(Records excerpted from a collection)
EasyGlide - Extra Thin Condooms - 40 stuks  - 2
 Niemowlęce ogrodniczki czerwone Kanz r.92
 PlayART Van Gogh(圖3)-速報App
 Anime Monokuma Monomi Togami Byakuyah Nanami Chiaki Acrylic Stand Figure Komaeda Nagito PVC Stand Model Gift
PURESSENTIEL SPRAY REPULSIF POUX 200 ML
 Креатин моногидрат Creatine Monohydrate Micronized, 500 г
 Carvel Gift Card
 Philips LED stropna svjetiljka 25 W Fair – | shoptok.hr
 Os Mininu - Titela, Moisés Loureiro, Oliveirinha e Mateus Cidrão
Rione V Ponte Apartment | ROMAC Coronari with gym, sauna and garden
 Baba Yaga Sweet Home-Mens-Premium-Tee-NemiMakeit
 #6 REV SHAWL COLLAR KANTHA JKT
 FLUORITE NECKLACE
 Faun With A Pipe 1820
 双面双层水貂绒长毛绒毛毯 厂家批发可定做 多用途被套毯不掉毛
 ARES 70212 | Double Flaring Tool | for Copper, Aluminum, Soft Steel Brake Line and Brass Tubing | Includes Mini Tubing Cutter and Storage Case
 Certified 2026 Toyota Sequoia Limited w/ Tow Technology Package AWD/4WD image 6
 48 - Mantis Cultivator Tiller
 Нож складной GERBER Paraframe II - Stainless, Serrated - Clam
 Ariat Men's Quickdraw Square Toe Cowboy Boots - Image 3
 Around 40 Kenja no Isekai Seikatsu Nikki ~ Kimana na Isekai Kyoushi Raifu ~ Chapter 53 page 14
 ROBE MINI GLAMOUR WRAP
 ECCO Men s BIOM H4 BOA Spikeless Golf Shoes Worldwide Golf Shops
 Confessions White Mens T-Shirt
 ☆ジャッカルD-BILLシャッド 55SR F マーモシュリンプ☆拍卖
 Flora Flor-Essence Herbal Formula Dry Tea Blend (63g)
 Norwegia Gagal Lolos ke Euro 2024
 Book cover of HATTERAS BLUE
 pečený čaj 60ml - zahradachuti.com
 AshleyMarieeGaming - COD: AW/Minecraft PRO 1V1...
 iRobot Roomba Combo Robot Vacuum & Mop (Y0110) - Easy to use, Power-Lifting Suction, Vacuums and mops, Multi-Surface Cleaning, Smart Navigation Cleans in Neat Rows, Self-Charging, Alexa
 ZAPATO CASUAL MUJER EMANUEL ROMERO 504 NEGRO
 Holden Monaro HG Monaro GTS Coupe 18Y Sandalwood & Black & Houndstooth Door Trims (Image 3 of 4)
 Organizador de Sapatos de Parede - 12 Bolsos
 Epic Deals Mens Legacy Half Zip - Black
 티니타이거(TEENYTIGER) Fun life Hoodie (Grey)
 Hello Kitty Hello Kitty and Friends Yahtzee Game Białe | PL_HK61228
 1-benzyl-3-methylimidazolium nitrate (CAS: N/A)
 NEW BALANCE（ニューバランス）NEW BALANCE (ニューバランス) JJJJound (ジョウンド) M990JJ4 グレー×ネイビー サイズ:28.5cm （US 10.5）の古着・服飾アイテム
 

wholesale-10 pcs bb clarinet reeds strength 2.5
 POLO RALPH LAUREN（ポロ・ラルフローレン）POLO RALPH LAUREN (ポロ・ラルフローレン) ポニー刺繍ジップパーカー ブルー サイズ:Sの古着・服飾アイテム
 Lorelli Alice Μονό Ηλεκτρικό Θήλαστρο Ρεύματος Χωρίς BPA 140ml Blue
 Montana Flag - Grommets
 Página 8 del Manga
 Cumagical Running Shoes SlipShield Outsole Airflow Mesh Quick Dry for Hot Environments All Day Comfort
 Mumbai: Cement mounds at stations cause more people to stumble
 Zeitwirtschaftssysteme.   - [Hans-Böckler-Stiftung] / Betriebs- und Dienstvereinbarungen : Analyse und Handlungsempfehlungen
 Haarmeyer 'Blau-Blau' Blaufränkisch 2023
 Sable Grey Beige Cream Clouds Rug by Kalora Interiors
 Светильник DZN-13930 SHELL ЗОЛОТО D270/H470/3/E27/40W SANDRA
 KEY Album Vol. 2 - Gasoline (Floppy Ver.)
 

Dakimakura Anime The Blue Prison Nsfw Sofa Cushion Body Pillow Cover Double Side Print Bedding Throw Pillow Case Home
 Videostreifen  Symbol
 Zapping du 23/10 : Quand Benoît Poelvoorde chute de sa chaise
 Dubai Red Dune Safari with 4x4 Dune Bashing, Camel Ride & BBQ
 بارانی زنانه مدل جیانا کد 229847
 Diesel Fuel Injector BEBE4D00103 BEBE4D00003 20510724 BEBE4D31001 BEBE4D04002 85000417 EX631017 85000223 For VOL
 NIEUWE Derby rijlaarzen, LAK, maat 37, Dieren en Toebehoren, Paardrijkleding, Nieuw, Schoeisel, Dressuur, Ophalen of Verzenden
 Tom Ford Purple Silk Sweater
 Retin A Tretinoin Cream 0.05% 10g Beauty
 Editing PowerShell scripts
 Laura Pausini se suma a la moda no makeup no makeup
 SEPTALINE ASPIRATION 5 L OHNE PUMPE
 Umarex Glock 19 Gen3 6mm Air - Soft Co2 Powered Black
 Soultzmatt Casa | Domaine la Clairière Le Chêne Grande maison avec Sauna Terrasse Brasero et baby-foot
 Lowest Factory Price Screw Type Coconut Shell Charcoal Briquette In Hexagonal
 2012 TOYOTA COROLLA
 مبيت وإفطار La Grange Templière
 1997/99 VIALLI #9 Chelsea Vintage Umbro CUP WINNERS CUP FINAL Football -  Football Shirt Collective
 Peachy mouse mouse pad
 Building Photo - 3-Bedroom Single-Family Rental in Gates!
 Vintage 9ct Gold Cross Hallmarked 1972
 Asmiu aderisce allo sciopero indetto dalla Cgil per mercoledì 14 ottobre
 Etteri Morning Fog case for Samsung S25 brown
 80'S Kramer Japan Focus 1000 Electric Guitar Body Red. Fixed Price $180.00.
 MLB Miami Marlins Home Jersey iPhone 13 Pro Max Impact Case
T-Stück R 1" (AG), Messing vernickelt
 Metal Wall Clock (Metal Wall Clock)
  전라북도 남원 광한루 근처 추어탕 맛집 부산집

What you will do: Return, word for word, the line containing "MLB Miami Marlins" and all lines after it through the last line of the records, and nothing else.

Result:
 MLB Miami Marlins Home Jersey iPhone 13 Pro Max Impact Case
T-Stück R 1" (AG), Messing vernickelt
 Metal Wall Clock (Metal Wall Clock)
  전라북도 남원 광한루 근처 추어탕 맛집 부산집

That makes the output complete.